Instructions for the task. Among the entries below, extract exactly the lines that run from the one with "Hotel Du Cheval" through the one with "Building Photo - 1212 Rising Oak Dr", both ends included.

Working data.
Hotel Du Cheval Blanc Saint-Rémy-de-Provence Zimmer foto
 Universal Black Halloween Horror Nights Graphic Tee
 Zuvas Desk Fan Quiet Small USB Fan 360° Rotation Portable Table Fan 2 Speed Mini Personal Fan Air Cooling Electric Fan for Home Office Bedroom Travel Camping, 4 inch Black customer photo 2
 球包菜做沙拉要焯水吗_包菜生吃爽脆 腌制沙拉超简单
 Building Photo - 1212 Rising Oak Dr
* * *
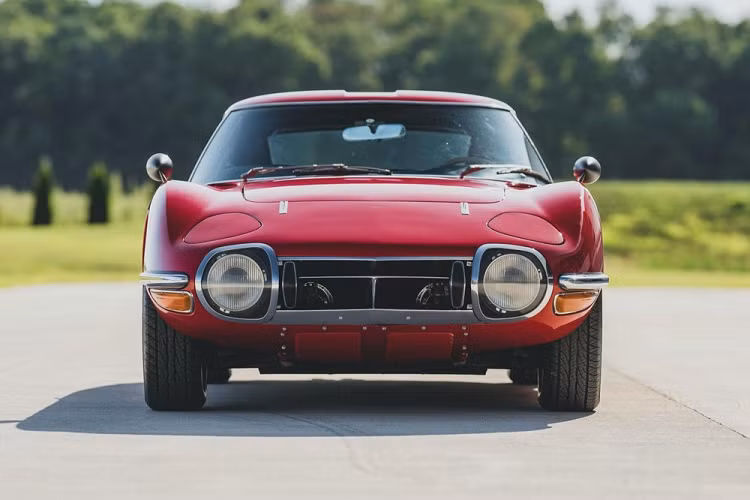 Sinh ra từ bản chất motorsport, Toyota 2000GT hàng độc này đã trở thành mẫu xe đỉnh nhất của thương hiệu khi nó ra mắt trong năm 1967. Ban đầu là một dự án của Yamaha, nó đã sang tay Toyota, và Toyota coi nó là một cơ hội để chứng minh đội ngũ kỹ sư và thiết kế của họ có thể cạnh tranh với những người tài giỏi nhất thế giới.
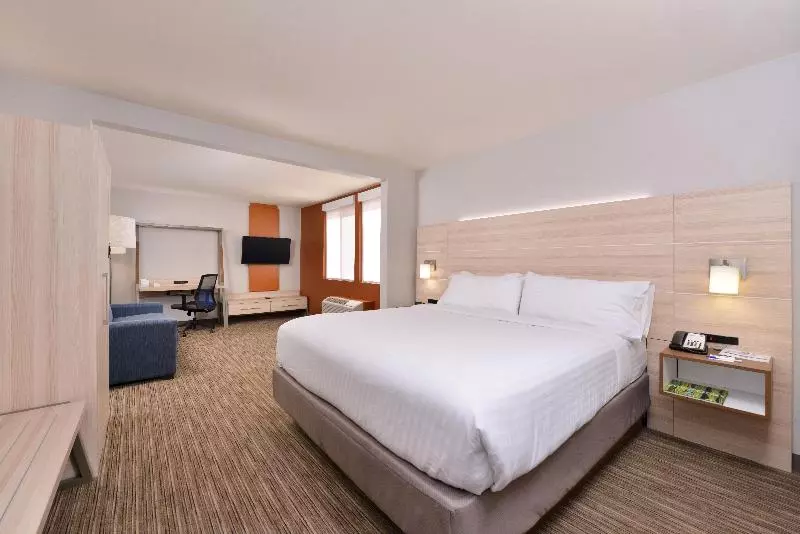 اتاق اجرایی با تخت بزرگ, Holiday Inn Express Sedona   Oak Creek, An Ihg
---
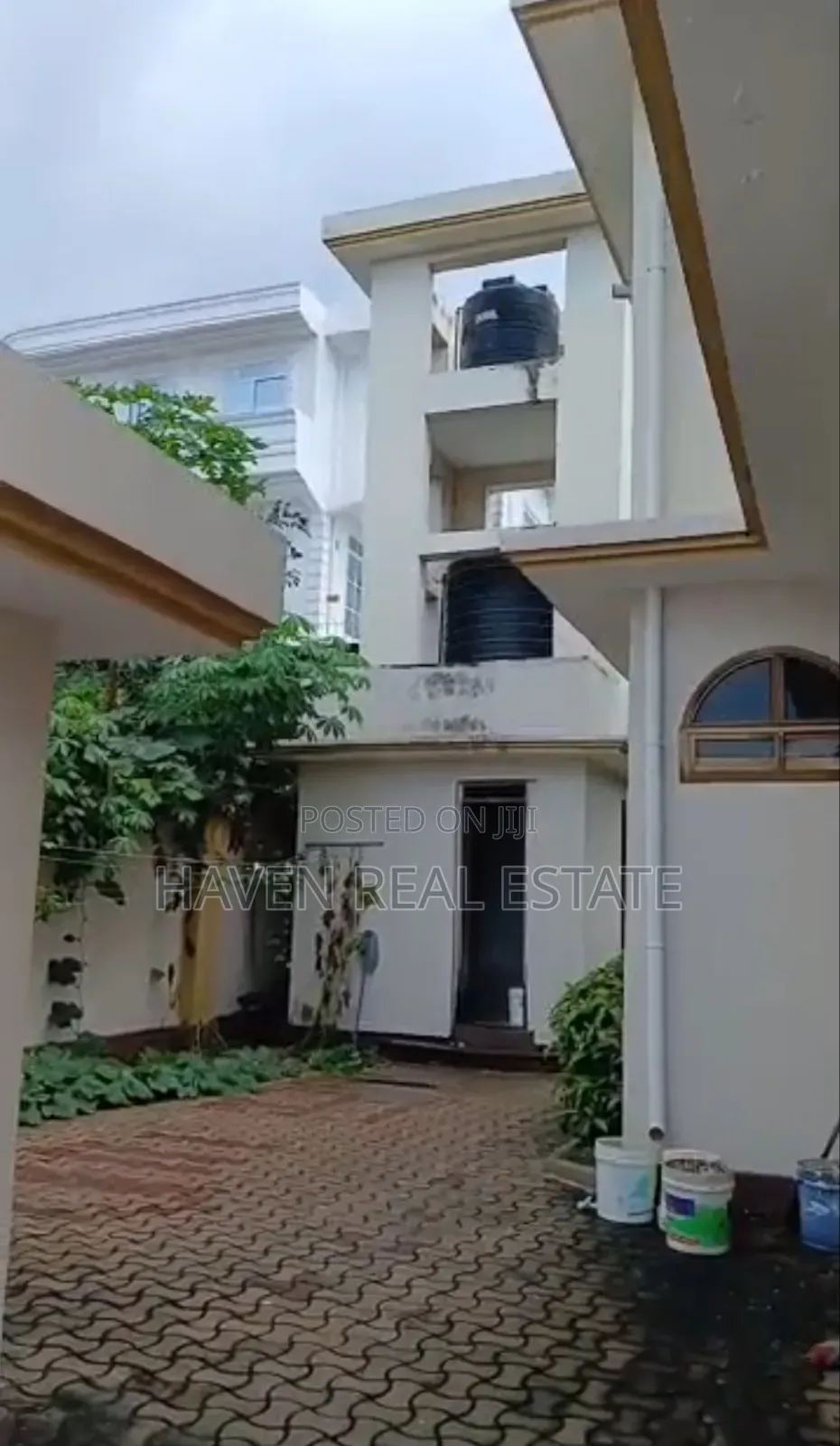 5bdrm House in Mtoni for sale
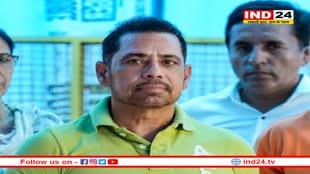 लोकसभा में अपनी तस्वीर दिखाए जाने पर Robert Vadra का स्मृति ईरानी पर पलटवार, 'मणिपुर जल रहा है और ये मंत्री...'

Result of the task.
Hotel Du Cheval Blanc Saint-Rémy-de-Provence Zimmer foto
 Universal Black Halloween Horror Nights Graphic Tee
 Zuvas Desk Fan Quiet Small USB Fan 360° Rotation Portable Table Fan 2 Speed Mini Personal Fan Air Cooling Electric Fan for Home Office Bedroom Travel Camping, 4 inch Black customer photo 2
 球包菜做沙拉要焯水吗_包菜生吃爽脆 腌制沙拉超简单
 Building Photo - 1212 Rising Oak Dr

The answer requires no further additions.